Des membres de l’Église de Dieu Tout-Puissant se souviennent de leurs expériences en détention où ils ont été torturés et forcés de prendre des substances psycho-actives.
An Xin
Les adeptes du Falun Gong, les membres de l’Église de Dieu Tout-Puissant (EDTP), les dissidents et d’autres prisonniers d’opinion détenus illégalement par le PCC, ainsi que les Kazakhs et les Ouïghours détenus dans les camps de transformation par l’éducation du Xinjiang, sont souvent sauvagement torturés pendant leur détention. Malgré la condamnation internationale de ces pratiques de torture, les personnes détenues continuent de souffrir. Dans certains cas qui nous ont été rapportés, elles sont même obligées de prendre des psychotropes, ce qui provoque chez elles des ravages physiques et mentaux. La toxicité des drogues entraîne de graves symptômes résiduels qui les accompagnent pour le reste de leur vie.
Quelques membres de l’EDTP ont partagé avec Bitter Winter les épreuves qu’ils ont subies pendant qu’ils purgeaient leur peine à cause de leur foi.
L’une des personnes avec lesquelles nous nous sommes entretenus est une femme de la province de Fujian, dans le sud-est du pays. Elle a été libérée en février après cinq années passées en détention dans des conditions inhumaines qui lui ont causé un traumatisme physique et mental extrême. Elle est émaciée, a le visage jaune et les pommettes saillantes. Pendant tout notre conversation, elle a parlé tout bas comme si elle était encore en train d’essayer de se remettre de la terreur qu’elle a vécue. Cette femme parlait très lentement. À chaque phrase, elle luttait pour se souvenir du passé.
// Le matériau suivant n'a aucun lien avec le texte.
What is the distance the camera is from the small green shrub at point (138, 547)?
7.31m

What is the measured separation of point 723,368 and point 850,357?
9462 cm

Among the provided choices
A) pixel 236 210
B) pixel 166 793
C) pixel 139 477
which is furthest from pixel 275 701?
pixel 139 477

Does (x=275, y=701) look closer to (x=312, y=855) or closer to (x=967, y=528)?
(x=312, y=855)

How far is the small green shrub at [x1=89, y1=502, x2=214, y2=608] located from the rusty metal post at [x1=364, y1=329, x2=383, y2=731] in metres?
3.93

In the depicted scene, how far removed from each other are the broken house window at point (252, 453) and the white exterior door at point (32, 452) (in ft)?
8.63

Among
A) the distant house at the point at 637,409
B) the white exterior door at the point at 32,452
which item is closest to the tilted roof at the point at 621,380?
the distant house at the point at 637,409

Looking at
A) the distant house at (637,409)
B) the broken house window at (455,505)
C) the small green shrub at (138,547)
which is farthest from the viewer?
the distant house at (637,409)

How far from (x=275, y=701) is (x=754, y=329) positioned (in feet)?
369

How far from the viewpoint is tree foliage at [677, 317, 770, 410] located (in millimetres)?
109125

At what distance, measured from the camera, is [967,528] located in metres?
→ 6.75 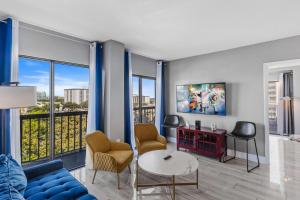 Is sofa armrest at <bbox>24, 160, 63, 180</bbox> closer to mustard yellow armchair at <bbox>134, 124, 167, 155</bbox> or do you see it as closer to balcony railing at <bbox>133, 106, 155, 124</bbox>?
mustard yellow armchair at <bbox>134, 124, 167, 155</bbox>

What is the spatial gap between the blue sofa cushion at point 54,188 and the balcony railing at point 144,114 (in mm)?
2842

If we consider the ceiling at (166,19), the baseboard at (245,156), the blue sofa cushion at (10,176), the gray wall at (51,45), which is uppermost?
the ceiling at (166,19)

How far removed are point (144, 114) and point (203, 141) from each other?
1909mm

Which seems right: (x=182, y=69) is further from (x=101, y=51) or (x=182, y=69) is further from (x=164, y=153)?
(x=164, y=153)

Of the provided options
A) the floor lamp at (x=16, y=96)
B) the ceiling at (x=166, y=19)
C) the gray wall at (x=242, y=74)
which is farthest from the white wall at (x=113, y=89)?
the gray wall at (x=242, y=74)

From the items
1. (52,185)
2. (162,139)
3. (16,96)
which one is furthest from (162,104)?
(16,96)

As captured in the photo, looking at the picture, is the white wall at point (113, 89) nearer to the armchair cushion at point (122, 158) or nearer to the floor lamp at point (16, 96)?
the armchair cushion at point (122, 158)

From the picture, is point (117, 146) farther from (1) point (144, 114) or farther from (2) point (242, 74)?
→ (2) point (242, 74)

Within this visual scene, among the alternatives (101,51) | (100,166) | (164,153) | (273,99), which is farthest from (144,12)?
(273,99)

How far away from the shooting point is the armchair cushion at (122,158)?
260 centimetres

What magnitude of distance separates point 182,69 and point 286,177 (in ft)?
11.1

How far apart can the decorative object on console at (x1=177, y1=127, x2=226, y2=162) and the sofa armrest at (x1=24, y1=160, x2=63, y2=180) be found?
9.63 ft

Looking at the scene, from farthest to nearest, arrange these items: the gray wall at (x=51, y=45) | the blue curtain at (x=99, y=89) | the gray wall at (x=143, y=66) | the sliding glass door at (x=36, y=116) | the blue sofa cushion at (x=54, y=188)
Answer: the gray wall at (x=143, y=66), the blue curtain at (x=99, y=89), the sliding glass door at (x=36, y=116), the gray wall at (x=51, y=45), the blue sofa cushion at (x=54, y=188)

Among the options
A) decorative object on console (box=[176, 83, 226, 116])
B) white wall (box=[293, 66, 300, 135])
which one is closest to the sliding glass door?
decorative object on console (box=[176, 83, 226, 116]) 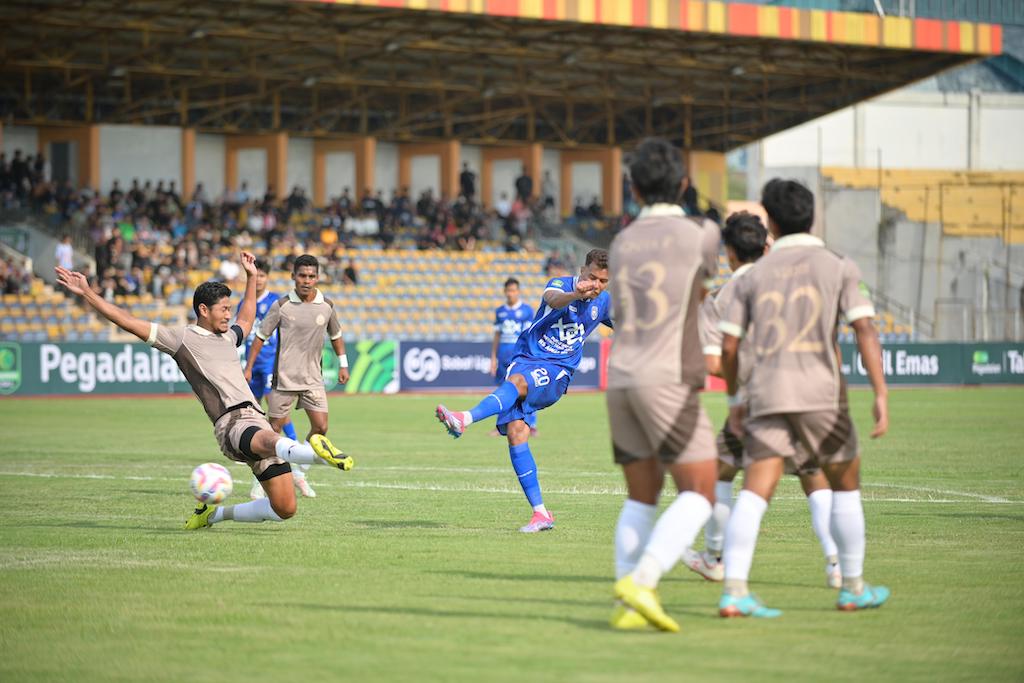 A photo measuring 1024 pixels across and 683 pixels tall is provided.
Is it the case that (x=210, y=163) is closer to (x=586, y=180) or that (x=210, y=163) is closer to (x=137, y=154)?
(x=137, y=154)

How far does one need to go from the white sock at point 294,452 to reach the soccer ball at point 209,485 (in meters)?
0.73

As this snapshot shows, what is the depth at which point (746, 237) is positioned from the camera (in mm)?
8492

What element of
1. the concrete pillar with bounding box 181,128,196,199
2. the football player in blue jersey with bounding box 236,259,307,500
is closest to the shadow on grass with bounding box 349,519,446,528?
the football player in blue jersey with bounding box 236,259,307,500

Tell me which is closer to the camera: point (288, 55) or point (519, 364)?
point (519, 364)

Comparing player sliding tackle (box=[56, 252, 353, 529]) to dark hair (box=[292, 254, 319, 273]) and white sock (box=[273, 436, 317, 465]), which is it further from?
dark hair (box=[292, 254, 319, 273])

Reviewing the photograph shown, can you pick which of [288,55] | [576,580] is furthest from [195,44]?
[576,580]

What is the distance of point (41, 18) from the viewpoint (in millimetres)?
40625

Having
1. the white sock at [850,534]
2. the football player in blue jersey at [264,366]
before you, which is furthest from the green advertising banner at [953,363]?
the white sock at [850,534]

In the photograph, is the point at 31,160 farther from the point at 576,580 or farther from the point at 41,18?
the point at 576,580

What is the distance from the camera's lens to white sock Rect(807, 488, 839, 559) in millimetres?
8281

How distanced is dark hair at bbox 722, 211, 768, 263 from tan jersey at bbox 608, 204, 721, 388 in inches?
53.3

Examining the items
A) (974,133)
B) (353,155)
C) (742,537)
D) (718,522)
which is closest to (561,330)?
(718,522)

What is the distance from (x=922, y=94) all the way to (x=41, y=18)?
42240mm

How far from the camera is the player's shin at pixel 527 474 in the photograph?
37.2ft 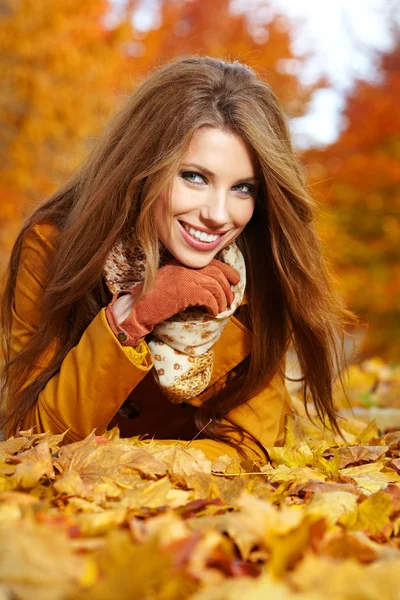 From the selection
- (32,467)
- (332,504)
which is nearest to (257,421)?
(332,504)

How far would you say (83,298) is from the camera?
8.13ft

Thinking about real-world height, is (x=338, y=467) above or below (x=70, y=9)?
below

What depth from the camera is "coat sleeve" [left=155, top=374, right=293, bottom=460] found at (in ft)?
8.07

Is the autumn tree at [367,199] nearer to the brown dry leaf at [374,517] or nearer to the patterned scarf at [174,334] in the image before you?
the patterned scarf at [174,334]

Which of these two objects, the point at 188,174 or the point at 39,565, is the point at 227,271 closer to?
the point at 188,174

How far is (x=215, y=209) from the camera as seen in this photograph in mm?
2258

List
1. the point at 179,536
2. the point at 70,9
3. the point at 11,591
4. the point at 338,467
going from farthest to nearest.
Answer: the point at 70,9
the point at 338,467
the point at 179,536
the point at 11,591

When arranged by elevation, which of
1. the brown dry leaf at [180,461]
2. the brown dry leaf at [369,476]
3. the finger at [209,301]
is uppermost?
the finger at [209,301]

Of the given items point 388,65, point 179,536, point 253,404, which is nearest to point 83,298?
point 253,404

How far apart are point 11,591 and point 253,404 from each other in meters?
1.75

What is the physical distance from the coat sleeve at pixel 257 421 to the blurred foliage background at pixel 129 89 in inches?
189

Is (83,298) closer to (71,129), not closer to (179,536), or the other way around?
(179,536)

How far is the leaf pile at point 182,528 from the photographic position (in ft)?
3.05

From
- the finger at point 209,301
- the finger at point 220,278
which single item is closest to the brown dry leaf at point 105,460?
the finger at point 209,301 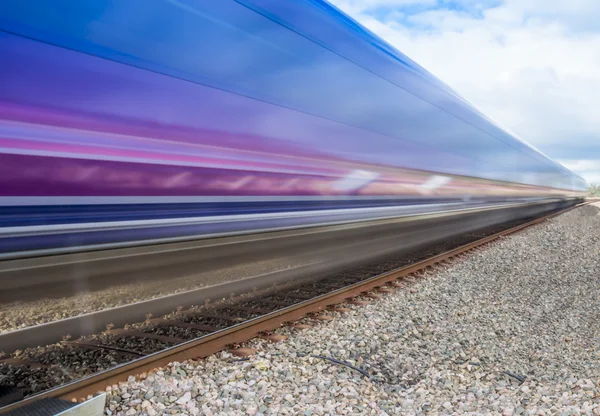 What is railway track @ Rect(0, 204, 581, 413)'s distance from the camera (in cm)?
262

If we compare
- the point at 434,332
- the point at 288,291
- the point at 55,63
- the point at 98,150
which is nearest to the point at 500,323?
the point at 434,332

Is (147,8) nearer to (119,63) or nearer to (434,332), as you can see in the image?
(119,63)

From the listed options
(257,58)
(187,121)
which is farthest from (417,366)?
(257,58)

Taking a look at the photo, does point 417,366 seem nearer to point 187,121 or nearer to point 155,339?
point 155,339

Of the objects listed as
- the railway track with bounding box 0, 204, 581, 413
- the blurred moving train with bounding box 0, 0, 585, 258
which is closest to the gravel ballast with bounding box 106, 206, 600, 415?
the railway track with bounding box 0, 204, 581, 413

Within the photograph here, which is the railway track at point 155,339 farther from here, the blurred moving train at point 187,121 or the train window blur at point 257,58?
the train window blur at point 257,58

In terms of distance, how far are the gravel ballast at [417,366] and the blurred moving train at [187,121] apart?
79 centimetres

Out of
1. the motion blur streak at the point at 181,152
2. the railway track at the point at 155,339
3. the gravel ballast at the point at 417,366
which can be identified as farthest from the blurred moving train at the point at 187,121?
the gravel ballast at the point at 417,366

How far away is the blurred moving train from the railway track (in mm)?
568

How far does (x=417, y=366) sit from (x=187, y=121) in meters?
2.02

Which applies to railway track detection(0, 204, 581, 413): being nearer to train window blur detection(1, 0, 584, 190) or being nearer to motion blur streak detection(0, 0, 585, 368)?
motion blur streak detection(0, 0, 585, 368)

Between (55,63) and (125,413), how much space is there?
5.32 ft

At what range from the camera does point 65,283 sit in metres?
2.64

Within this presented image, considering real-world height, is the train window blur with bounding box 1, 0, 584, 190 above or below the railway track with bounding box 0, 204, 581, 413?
above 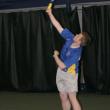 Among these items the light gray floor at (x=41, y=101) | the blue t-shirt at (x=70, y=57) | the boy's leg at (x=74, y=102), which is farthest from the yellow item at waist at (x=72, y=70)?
the light gray floor at (x=41, y=101)

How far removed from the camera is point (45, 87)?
8.58 m

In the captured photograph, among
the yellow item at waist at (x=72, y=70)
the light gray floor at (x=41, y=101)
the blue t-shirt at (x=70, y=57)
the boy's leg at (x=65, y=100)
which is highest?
the blue t-shirt at (x=70, y=57)

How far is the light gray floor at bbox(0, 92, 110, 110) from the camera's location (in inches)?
260

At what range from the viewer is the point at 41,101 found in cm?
733

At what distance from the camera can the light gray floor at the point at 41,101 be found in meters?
6.61

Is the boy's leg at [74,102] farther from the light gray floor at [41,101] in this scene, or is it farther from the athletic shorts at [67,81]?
the light gray floor at [41,101]

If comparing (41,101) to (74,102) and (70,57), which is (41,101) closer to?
(74,102)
Elle a été arrêtée en 2014 pour son appartenance à l’EDTP, un nouveau mouvement religieux chrétien interdit inscrit sur la liste des xie jiao. Pour l’obliger à fournir des informations sur l’Église, elle a été soumise à une technique de torture de privation de sommeil appelée « exténuation de l’aigle », à des mesures de restriction alimentaire et à d’autres formes de sévices cruels. Pour la forcer à renoncer à sa foi, elle a subi de lourdes séances d’endoctrinement et de la drogue a même été introduite dans son verre d’eau.
« Cette eau n’était pas comme celle qu’on nous donnait habituellement à boire. Elle était un peu jaunâtre. Le soir où je l’ai bue, je me suis retrouvée dans un état de totale confusion et je me suis sentie complètement désorientée. J’ai même souffert d’incontinence urinaire », raconte la femme. Plus tard, les gardes l’ont traînée de force à l’infirmerie. Sans poser de questions sur ses symptômes, le médecin lui a fait une injection.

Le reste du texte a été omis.